House Speaker John Boehner's last week is a busy one.
Boehner and the three other top congressional officials—House Minority Leader Nancy Pelosi, Senate Majority Leader Mitch McConnell, and Senate Minority Leader Harry Reid—have tentatively reached a deal that would both raise the country’s borrowing authority to avert a devastating default next week and lift spending caps over the next two years.
“It is past time that we do away with the harmful, draconian sequester cuts," Reid said on the Senate floor Monday, referring to the 2011 budget caps that members of both parties are trying to subvert over the cries of some conservatives.
The House posted a draft of the agreement late Monday night. The deal isn't set in stone, so it remains unclear whether either chamber can muster the votes necessary for passage, but the talks are picking up speed ahead of the Nov. 3 deadline to raise the debt ceiling and a Dec. 11 deadline to keep the government running.

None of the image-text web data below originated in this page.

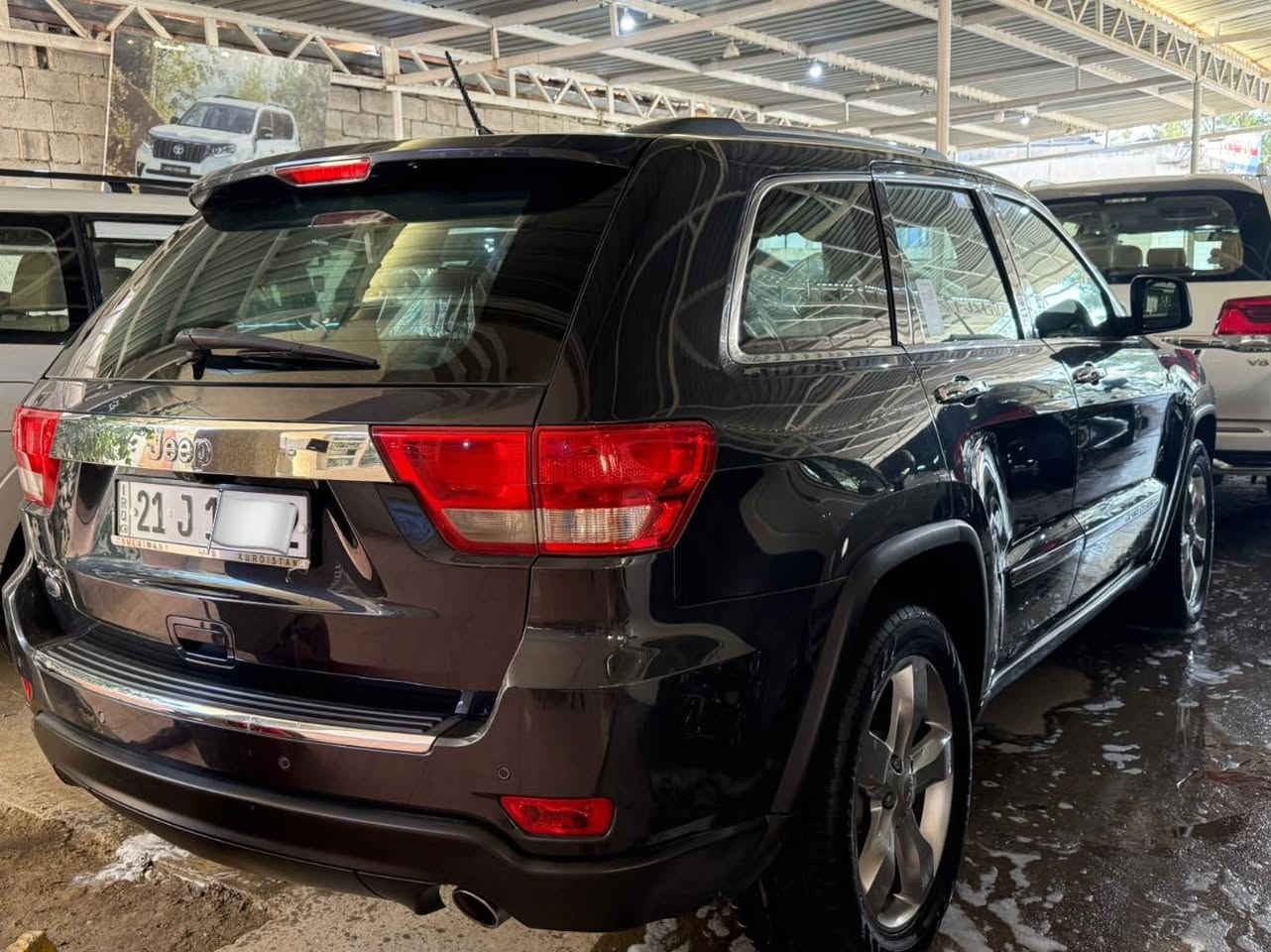 جيب لمتدد موديل 2013 وارد خليجي
ماشيه 124 الف حقيقي

محرك 6 سلندر حجم 3600 مامفتوح بشرط 

كير أوتوماتيك شرط المحرك والكير 

تبريد ثلج 🥶 

رقم سليمانية دولي رقم وهزة وسنويه جديد

🚫 السياره بدون ضرر أو قطره صبغ شرط 

سياره نظيفة جداً بدون صبغ بدون تعديل بارد 

مواصفات فول واحد على واحد

بصمه تشغيل 🫆 

تشغيل عن بعد 

بصمه ابواب 

صندوق كهرباء 

سلايت بنوراما

كشنات جلد و تدفئة و تبريد 

ويل كروم 

كشن كهربا 2

زراك

لايت عدسه 

يدات نيكل 

اشاير بل مري 

مري شفط

بعد بيها هواي مواصفات ‼️ 

سياره جديده وجاهزة من كلشي شرط دينار ما تصرف عليها 
السعر 190$
***********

The deal would include a "clean" suspension of the debt limit a few months past the presidential election, until March 2017, and increase the spending caps by $80 billion—$50 billion in the first year and the remaining $30 billion in the second year—although the 10-year caps included in the 2011 Budget Control Act would remain in place. The additional funding would be equally divided between military and domestic spending, not counting extra cash that will be considered emergency war funding.